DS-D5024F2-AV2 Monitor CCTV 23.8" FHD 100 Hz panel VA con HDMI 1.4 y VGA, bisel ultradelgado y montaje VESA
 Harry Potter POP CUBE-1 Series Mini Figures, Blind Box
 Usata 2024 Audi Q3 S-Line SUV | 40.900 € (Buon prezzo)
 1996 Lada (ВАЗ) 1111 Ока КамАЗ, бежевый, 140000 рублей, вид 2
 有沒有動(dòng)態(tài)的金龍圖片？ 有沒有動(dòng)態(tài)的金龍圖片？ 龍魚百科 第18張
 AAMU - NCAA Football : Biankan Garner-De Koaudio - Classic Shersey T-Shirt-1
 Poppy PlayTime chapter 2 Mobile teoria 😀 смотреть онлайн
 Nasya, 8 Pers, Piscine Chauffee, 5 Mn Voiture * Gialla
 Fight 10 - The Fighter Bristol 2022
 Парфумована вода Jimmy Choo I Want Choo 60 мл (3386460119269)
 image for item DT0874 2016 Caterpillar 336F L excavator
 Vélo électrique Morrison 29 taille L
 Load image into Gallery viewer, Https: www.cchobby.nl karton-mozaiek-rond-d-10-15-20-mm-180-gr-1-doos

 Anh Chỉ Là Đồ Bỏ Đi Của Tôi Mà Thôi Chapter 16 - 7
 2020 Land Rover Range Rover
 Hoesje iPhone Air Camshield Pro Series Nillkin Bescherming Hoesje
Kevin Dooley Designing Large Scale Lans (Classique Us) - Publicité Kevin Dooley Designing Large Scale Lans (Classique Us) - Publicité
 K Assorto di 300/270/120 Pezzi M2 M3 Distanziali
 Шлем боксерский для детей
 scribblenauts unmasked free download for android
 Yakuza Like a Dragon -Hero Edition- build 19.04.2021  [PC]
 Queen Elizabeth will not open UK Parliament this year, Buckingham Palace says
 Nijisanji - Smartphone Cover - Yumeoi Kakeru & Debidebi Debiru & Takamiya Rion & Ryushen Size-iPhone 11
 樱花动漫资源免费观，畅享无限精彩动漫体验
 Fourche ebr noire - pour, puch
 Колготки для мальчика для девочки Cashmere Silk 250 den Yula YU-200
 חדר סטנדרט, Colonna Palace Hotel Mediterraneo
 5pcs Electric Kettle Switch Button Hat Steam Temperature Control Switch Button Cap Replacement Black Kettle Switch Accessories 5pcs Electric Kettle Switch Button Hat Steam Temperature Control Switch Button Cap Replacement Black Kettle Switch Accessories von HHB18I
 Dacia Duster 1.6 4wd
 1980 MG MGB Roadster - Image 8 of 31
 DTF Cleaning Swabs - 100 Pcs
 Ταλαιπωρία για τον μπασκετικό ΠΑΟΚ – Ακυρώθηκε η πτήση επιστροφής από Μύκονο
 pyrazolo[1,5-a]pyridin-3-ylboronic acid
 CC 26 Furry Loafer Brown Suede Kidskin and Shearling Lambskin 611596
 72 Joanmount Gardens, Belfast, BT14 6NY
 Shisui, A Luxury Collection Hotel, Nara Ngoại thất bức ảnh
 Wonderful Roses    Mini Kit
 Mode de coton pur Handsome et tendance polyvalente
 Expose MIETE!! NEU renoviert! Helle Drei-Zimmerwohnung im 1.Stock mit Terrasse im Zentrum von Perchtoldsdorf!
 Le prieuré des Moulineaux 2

..........

● **EXERCISE**
Reproduce only the lines above, starting at the line with "Nijisanji - Smartphone" and ending at the line with "Ταλαιπωρία για τον", exactly as written.

● **EXPECTED ANSWER**
 Nijisanji - Smartphone Cover - Yumeoi Kakeru & Debidebi Debiru & Takamiya Rion & Ryushen Size-iPhone 11
 樱花动漫资源免费观，畅享无限精彩动漫体验
 Fourche ebr noire - pour, puch
 Колготки для мальчика для девочки Cashmere Silk 250 den Yula YU-200
 חדר סטנדרט, Colonna Palace Hotel Mediterraneo
 5pcs Electric Kettle Switch Button Hat Steam Temperature Control Switch Button Cap Replacement Black Kettle Switch Accessories 5pcs Electric Kettle Switch Button Hat Steam Temperature Control Switch Button Cap Replacement Black Kettle Switch Accessories von HHB18I
 Dacia Duster 1.6 4wd
 1980 MG MGB Roadster - Image 8 of 31
 DTF Cleaning Swabs - 100 Pcs
 Ταλαιπωρία για τον μπασκετικό ΠΑΟΚ – Ακυρώθηκε η πτήση επιστροφής από Μύκονο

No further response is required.